The foregoing summary of the Option Plan is not complete and is qualified in its entirety by reference to the Option Plan, which is available on the Company's SEDAR profile at www.sedarplus.ca.
Deferred Share Unit Plan (Share-Based Awards)
The Company has a Deferred Share Unit Plan dated for reference October 7, 2022 (the "DSU Plan"), which was approved by Shareholders at the Company's annual general meeting held on November 24, 2022.
The purpose of the DSU Plan is to provide Participants with the opportunity to acquire DSUs and enable them to participate in the long-term success of the Company and to promote a greater alignment of interests between such Participants and the Shareholders. A DSU essentially tracks the value of the underlying Common Shares but does not entitle the recipient to the actual underlying Common Shares until such DSUs vest.
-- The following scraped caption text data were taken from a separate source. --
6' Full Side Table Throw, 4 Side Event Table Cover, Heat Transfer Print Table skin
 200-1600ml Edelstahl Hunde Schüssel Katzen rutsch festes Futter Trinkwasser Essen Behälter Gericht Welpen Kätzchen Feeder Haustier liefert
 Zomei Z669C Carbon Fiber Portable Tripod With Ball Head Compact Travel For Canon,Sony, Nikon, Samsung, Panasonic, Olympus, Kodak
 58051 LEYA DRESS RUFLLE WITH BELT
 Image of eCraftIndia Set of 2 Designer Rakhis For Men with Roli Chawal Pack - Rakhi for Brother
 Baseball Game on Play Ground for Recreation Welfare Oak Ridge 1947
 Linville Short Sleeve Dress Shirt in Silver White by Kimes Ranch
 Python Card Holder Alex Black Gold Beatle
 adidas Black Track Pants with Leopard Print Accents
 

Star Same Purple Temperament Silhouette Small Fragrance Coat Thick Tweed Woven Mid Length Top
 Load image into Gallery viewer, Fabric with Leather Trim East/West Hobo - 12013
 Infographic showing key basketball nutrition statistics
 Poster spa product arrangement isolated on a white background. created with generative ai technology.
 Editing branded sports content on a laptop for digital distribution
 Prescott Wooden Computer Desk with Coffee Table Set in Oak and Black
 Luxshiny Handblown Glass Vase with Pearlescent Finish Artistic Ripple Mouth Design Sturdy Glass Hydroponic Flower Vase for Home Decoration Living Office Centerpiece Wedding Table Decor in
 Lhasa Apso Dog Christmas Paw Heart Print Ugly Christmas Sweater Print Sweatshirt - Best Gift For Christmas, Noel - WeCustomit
Under the DSU Plan, the maximum number of Common Shares reserved for issuance, including Options, RSUs, and DSUs currently outstanding, is equal to 10% of the Common Shares outstanding from time to time on a non-diluted basis, unless the Company has obtained Disinterested Shareholder Approval as that term is defined therein in TSXV Policy 4.4.
As at October 18, 2023 there were 10,345,872 Deferred Share Units ("DSUs") outstanding, representing approximately 4.41% of the outstanding Common Shares.
Summary of Material Terms of the DSU Plan
The material terms of the DSU Plan are set forth below. Capitalized terms used but not otherwise defined below shall have the meanings ascribed to such terms in the DSU Plan.
Eligible Participants
Participation in the DSU Plan is restricted to directors of the Company who are (i) not otherwise an employee of the Company and (ii) designated by the Board as eligible to participate in the DSU Plan. The DSU Plan is administered by the Board.
Transferability
The rights respecting the DSUs are non-transferrable and non-assignable other than by will or the laws of descent and distribution.
Grant of DSUs
The Board will establish an annual compensation amount (the "Annual Base Compensation") payable to Participants. The Annual Base Compensation will be payable in quarterly installments. The Board may elect quarterly to grant up to 100% of a Participant's Annual Base Compensation in DSUs.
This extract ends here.